San Diego has a large number of well-paying jobs, is a favored place for the wealthy to vacation, have second homes, and retire, and has basically run out of nice locations to develop.
Historical valuation matrices don’t account for the fact that interest rates are extremely low. Rich put up a chart that does, and it shows that prices right now are extremely low taking this into account:
http://piggington.com/images/san_diego_housing_valuations_12_2013-4.png
I also think it is only a matter of time before mainland Chinese buyers start branching out from their favored UTC-centered buying habits into other areas of San Diego.
May 18, 2015 at 7:10 AM #786371spdrunParticipantLooking at lower-end condo prices, I’ve seen quite a few that sold for $50k in the mid 80s and went for half that in the early 90s. So at least in some segments, there was a drop from the 80s through the 90s as well.
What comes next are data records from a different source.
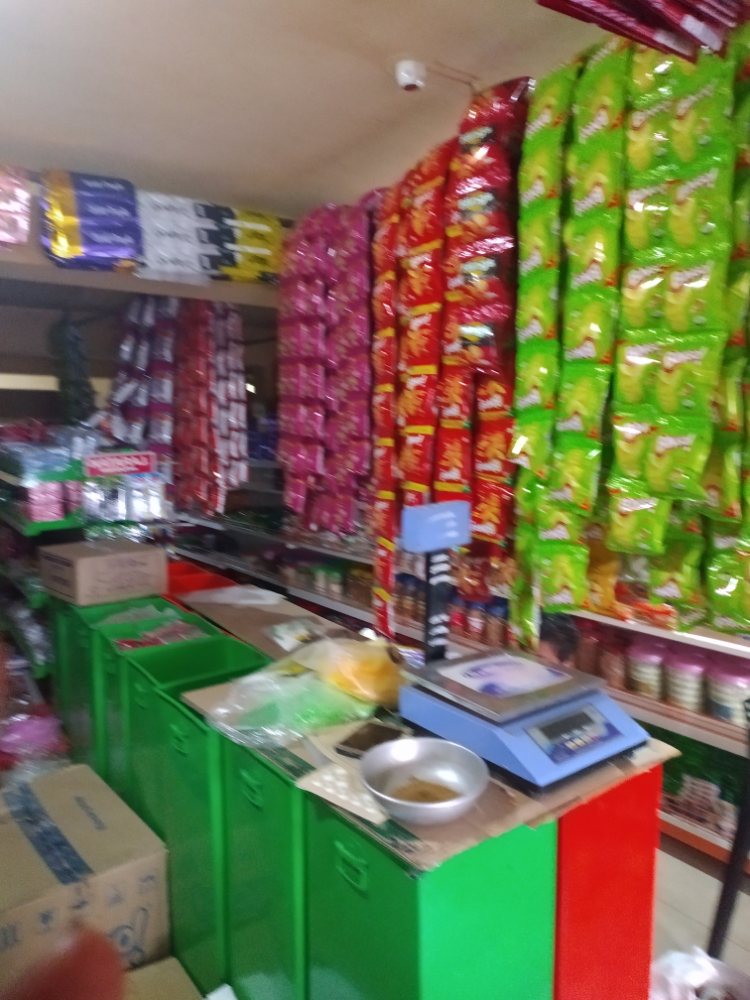 Gurubasavaraj gen store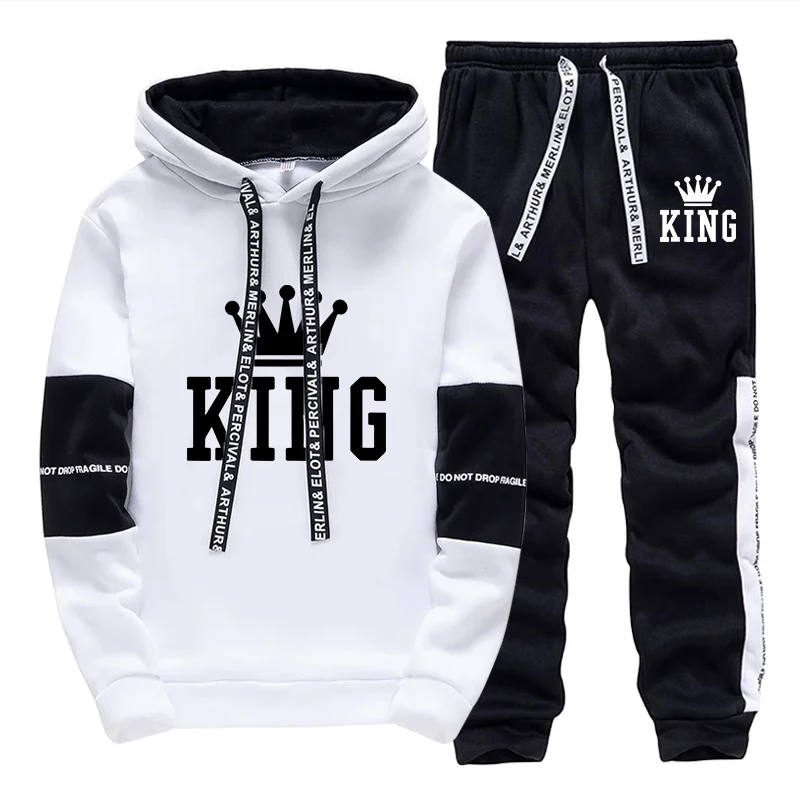 Survêtement King Printing pour - Winter Clothing Hoodie avis et prix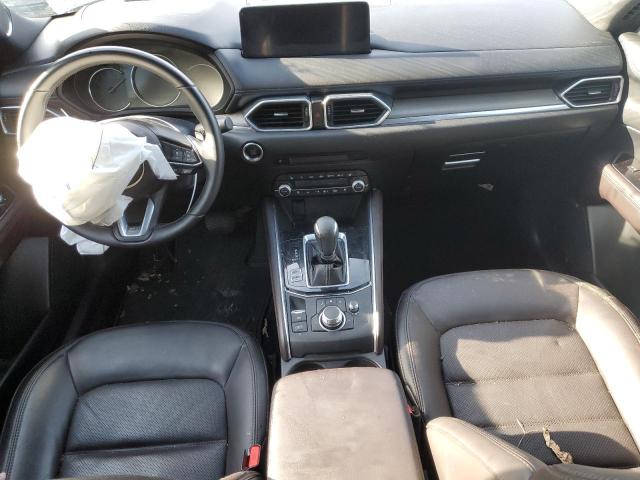 Photo 8 from auction – 2021 MAZDA CX-5 SIGNA with VIN JM3KFBEY3M0356991
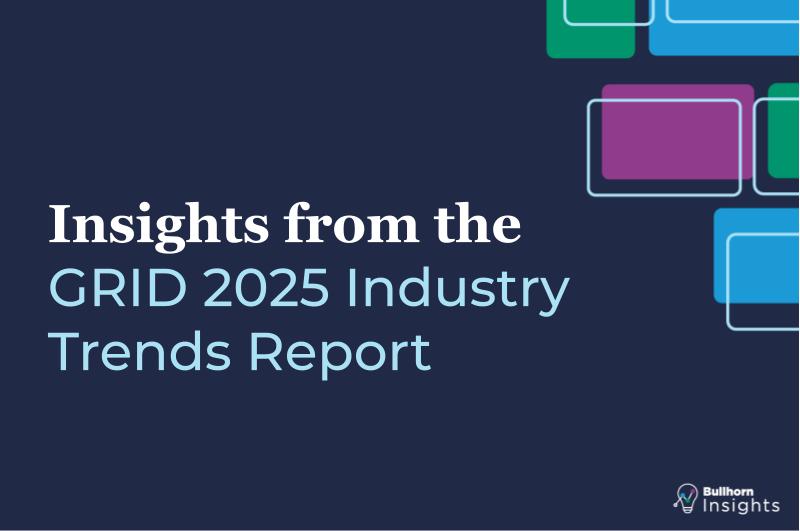 Insights from the GRID 2025 Industry Trends Report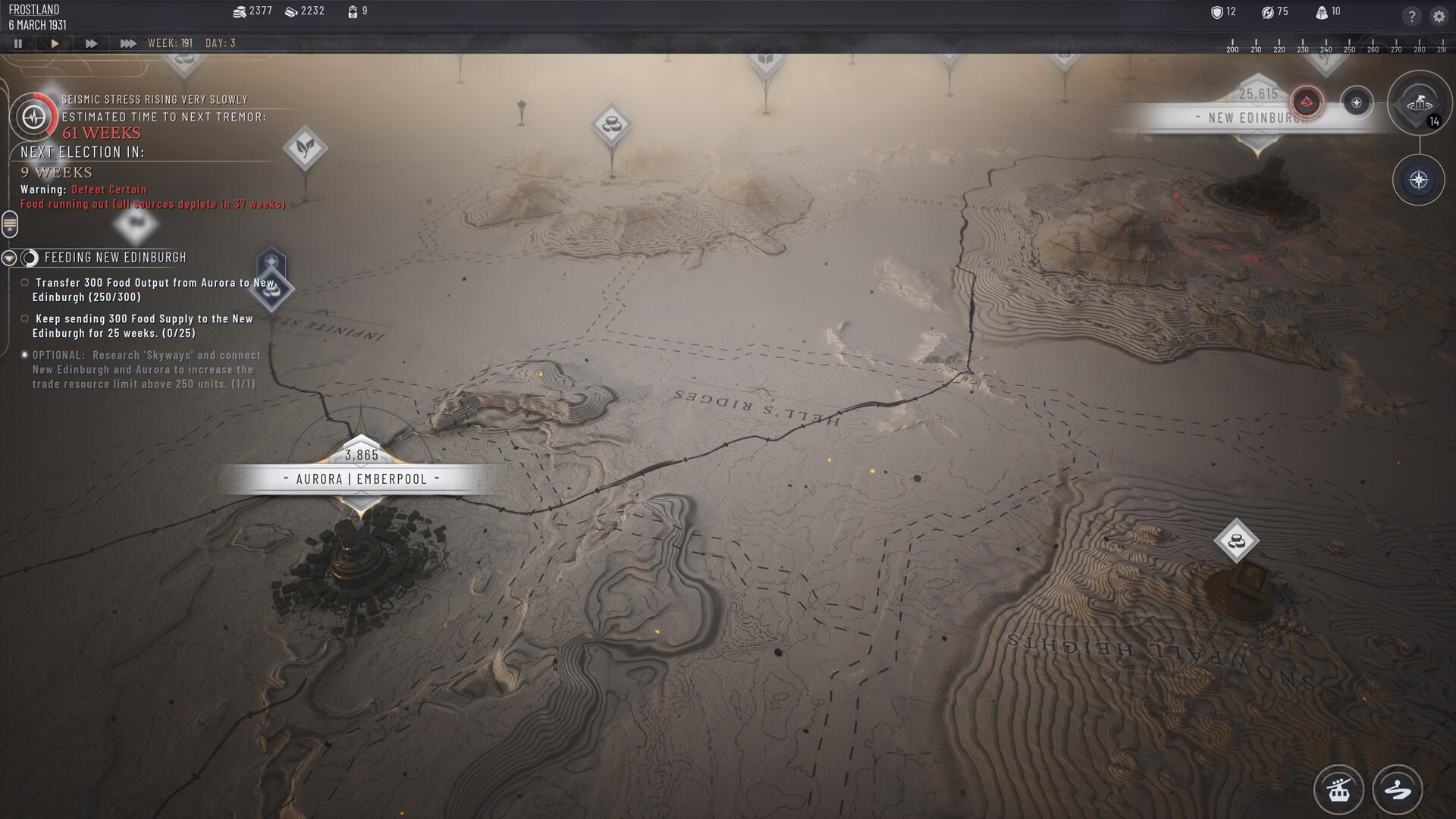 Picture of Frostpunk 2: Breach of Trust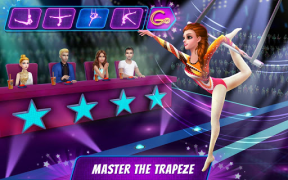 تحميل Acrobat Star Show - Girl Power المحاكاة لنظام أندرويد لقطة شاشة 5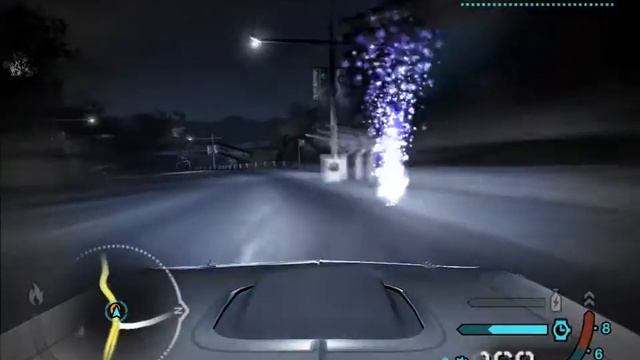 Прохождение Серий Состязаний NFS Carbon - Едем по трассе Проезд Рабиновича! смотреть онлайн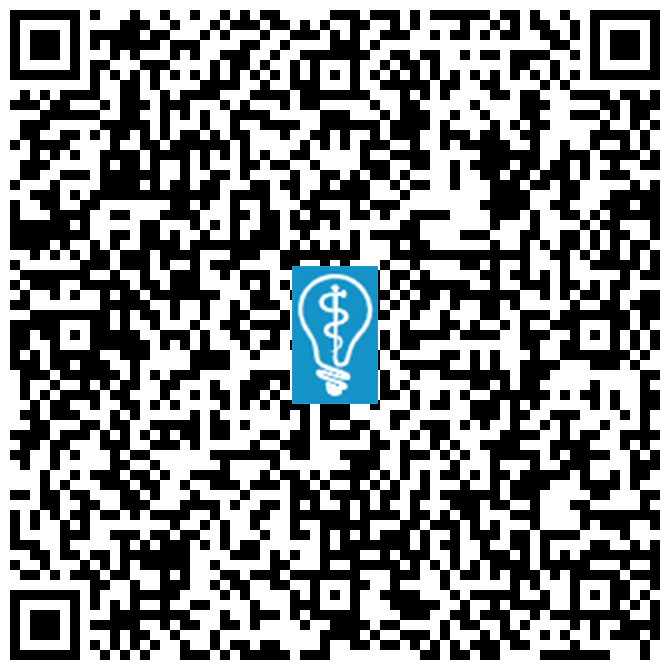 QR code image for Solutions for Common Denture Problems in Clearwater, FL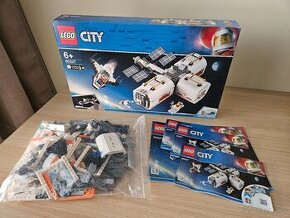 Lego City - Vesmirna stanica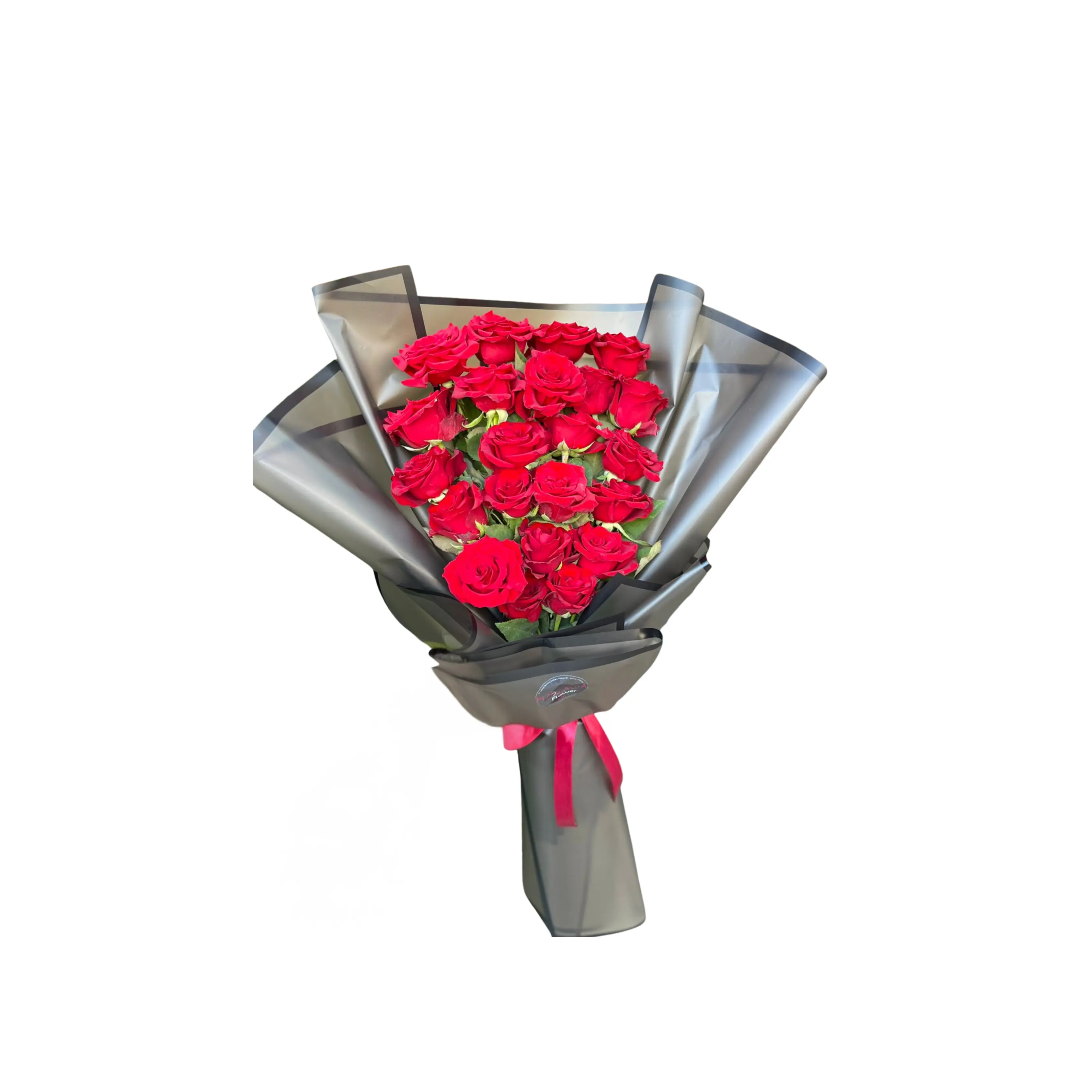 Red Roses Bouquet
May 18, 2015 at 7:19 AM #786372CoronitaParticipant[quote=spdrun]Looking at lower-end condo prices, I’ve seen quite a few that sold for $50k in the mid 80s and went for half that in the early 90s. So at least in some segments, there was a drop from the 80s through the 90s as well.[/quote]
Sure…If you say so.
You aren’t going to get you 60+% off beach front property in SoCal sub $500k. Ain’t gonna happen. Keep dreaming.
May 18, 2015 at 7:23 AM #786373spdrunParticipantI do say so. Here’s one example of what I’m talking about as far as lower-end condos still (not) selling below their 2000s peak…
http://www.sdlookup.com/MLS-140052722-6927_Amherst_3_San_Diego_CA_92115
Last sale, $308k in 2005. On market over 6 months for $237k.
I’m not looking for 60% off. I’m looking for 20-30% off property in blue-collar areas that I can rent without too much difficulty.